|A schematic shows anthraquinone molecules (consisting of three |
linked gray benzene rings and pink oxygen atoms) as they
"carry" carbon dioxide molecules across a copper surface.
Researchers have designed a molecule that can carry a couple of carbon dioxide molecules with it as it "walks" in a straight line. It may sound like a stupid molecule trick, but the technique is expected to lead to the new drug-delivery techniques and nanotech assembly lines.
"This is an unprecedented step forward toward the realization of molecular-scale machinery," Ludwig Bartels, a chemistry professor at the University of California at Riverside, said today in a news release. "Our experiments show a means to transport molecules reliably. This will become as important to the molecular machinery of the future as trucks and conveyor belts are for factories of today."

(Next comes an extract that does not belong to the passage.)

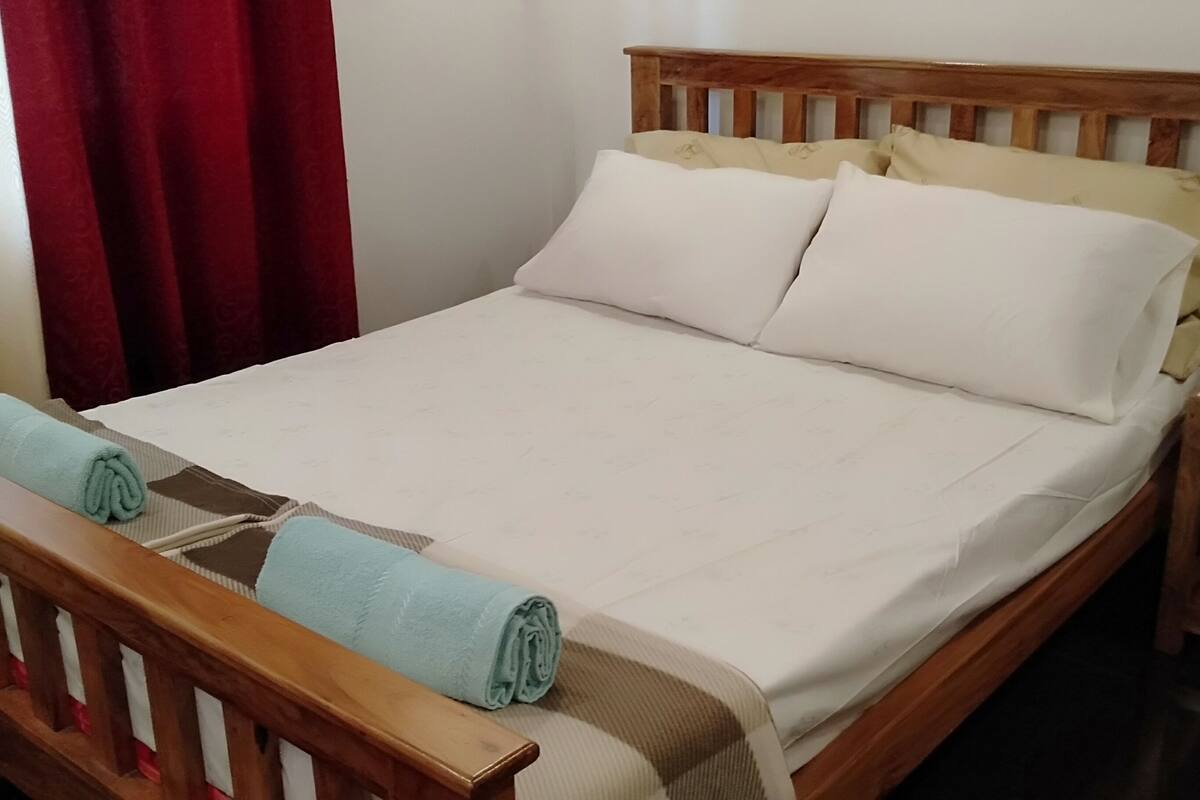 Una cama bien hecha con cabecera de madera, una mesita de noche pequeña y una cortina roja.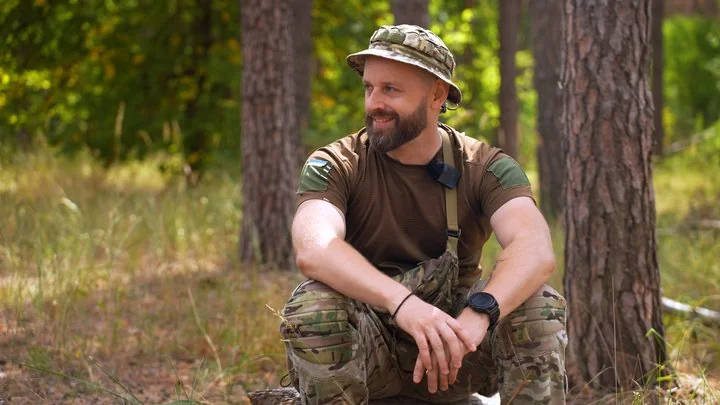 Бородатий військовий у камуфляжі сидить у сосновому лісі й усміхається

Walking molecules aren't exactly uncommon. In fact, we literally couldn't live without them. For example, hemoglobin transports oxygen from the lungs to your cells, and other types of proteins transport nutrients within those cells. This archived article looks into your cellular machinery, and you'll definitely want to check out this interactive graphic to watch your proteins in action.
In 2005, Bartels and his colleagues made a splash by designing a molecule that could move in a straight line on a flat surface. The latest research, published today on the Science Express Web site, describes a molecule that can pick up, carry and release two carbon dioxide molecules.
"It's significant, because we wouldn't expect atoms to move that way," Talat Rahman, a physics professor from the University of Central Florida and a co-author of the study, explained in a UCF news release. "Atoms tend to move randomly, like dust particles, and getting them to move in a specific direction will help in our understanding and manipulating of the region around atoms."
The molecule that Bartel's group used is anthraquinone, which consists of three fused benzene rings with one oxygen atom on each side (C14H8O2). UC-Riverside says the organic compound is widely used in the pulp industry for turning cellulose from wood into paper.
The researchers set the molecules down on a highly polished copper surface, and used a scanning electron microscope to monitor the molecular Pony Express.
"Carrying a load slows the molecule down," Bartels said. "Attachment of one CO2 molecule makes the carrier need twice as much energy for a step, and a carrier with two CO2s requires roughly three times the energy. This is not unlike a human being carrying heavy loads in one or both hands."
To get a clearer picture of the molecules in action, check out the videos at Bartels' Web site.
The type of molecule used for Bartels' latest trick represents just one small step toward a nanoscale leap. "Next, we would like to be able to make one go around corners, rotate its cargo or send out photons to tell us where it is," Bartels said.
Eventually, molecular contraptions could be used as multipurpose tools to assemble larger components. They might also be able to carry therapeutic molecules to just the right place to cure an ailing cell - or, for that matter, kill off a cancer cell.
Bartels said creating multipurpose molecules will take some time, but maybe not all that much time.
"Ten years ago, a cell phone could just place calls, nothing else," he observed. "Now it plays MP3 files, organizes your day, lets you send e-mails and browse the Web."
In addition to Bartels and Rahman, the research team included K. L. Wong, G. Pawin, K.-Y. Kwon, X. Lin, T. Jiao, U. Solanki and R. H. J. Fawcett from UC-Riverside, as well as S. Stolbov from UCF.